DATA PROVIDED ▸

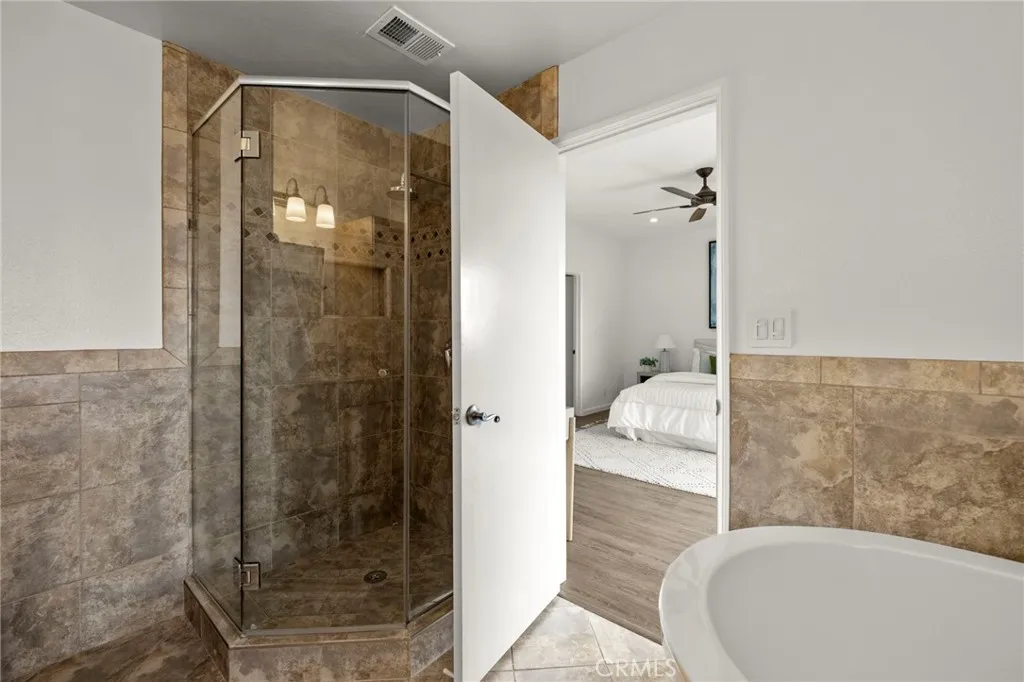 Additional image 41 of 8180 Manitoba, Playa Del Rey, CA 90293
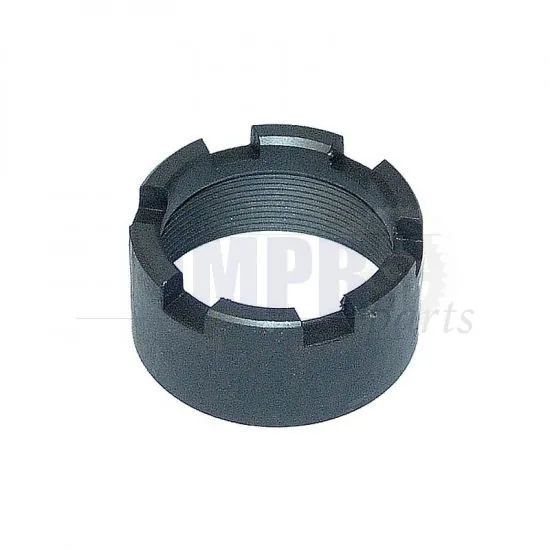 Flange Nut 32MM Exhaust Yamaha FS1 Original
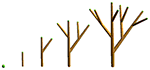 www.frontiersin.org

TASK BRIEF ▸ This task calls for the listing to be restated exactly, with images omitted.

WRITTEN ANSWER ▸
 Additional image 41 of 8180 Manitoba, Playa Del Rey, CA 90293
 Flange Nut 32MM Exhaust Yamaha FS1 Original
 www.frontiersin.org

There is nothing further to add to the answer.